Socransky’s Classification a	Example	Remark
Yellow	Streptococci sanguinis and Streptococci oralis	Early colonisers essential for colonization of other bacteria associated with periodontal disease
Green	Capnocytophaga spp., Campylobacter concisus, Eikenella corrodens, and Actinobacillus actinomycetemcomitans
Violet	Actinomyces odontolyticus and Veillonella parvula
Orange	Prevotella intermedia, Prevotella nigrescens, Micromonas micros, Fusobacterium periodonticum, Eubacterium nodatum and Streptococcus constellatus	Bridging colonizers that aggregate with early and later colonizing bacteria
Red	Porphyromonas gingivalis, Treponema denticola and Tannerella forsythia	Late-colonizing bacteria, which are strongly associated with periodontitis and co-exist with the orange complex.
Ungrouped	Aggregatibacter actinomycetemcomitans, Selenomonas	More research is needed to group these bacteria properly

a In 1998, Dr. Sigmund Socransky categorised periodontal pathogens into different colours that are associated with the disease activity of periodontitis.

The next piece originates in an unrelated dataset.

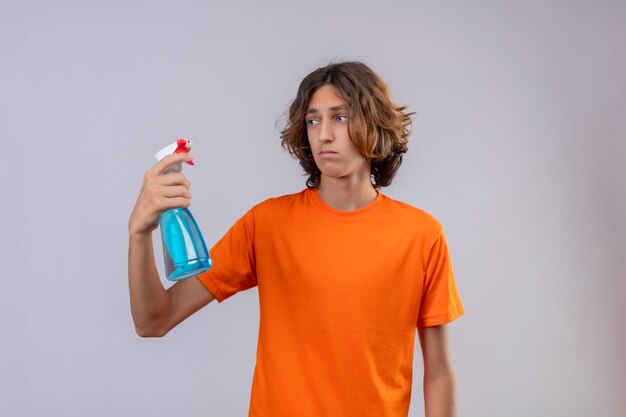 Jonge man in oranje t-shirt met schoonmaak spray te kijken met droevige uitdrukking op gezicht staande op een witte achtergrond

Furthermore, it could be important to analyze the bacterial transcriptome in the gingival sulcus. The transcriptomic profile can be compared between RA groups only, those with periodontitis and RA, those with periodontitis only, and healthy subjects. The transcriptomes of these groups could vary significantly.

Aa or LtxA may not be the sole pathogen or factor that could trigger ACPA production in RA, multiple factors may be involved in the same arthritogenic pathways of RA. They could be the causative factors or the risk factors. For example, the HLA-DRB1 allele, which lies within the human leukocyte antigen (HLA) class II region, is a risk factor for RA [137]. RA-associated HLA-DRB1 alleles have been reported to encode for a conserved amino acid sequence (QKRAA/QRRAA/RRRAA) comprising residues 70–74 in the third hypervariable region of DRβ1 chain. This conserved amino acid sequence, termed “shared-epitope (SE)” is located around the antigen-binding groove of HLA class II molecules, a site likely to affect the antigen presentation. It has been reported that exposure to Aa LtxA is strongly associated with ACPAs and RF in RA patients carrying HLA-DRB1 SE alleles [22]. Hence, there is a need to find out other causative or risk factors for RA.

6. Conclusions

RA is an autoimmune disease for which the cause has remained elusive. Without greater insight into its aetiological factors, improved therapies and a possible cure will be more difficult to achieve. Studies have shown that there is a link between periodontitis and RA, which is established by the activity of periodontopathogens. Researchers have highlighted that Aggregatibacter actinomycetemcomitans is one such candidate periodontopathogen due to the role of its LtxA in triggering neutrophil hypercitrullination. However, there remains an urgent gap in the knowledge of specific molecular pathways in neutrophils, which are affected by LtxA.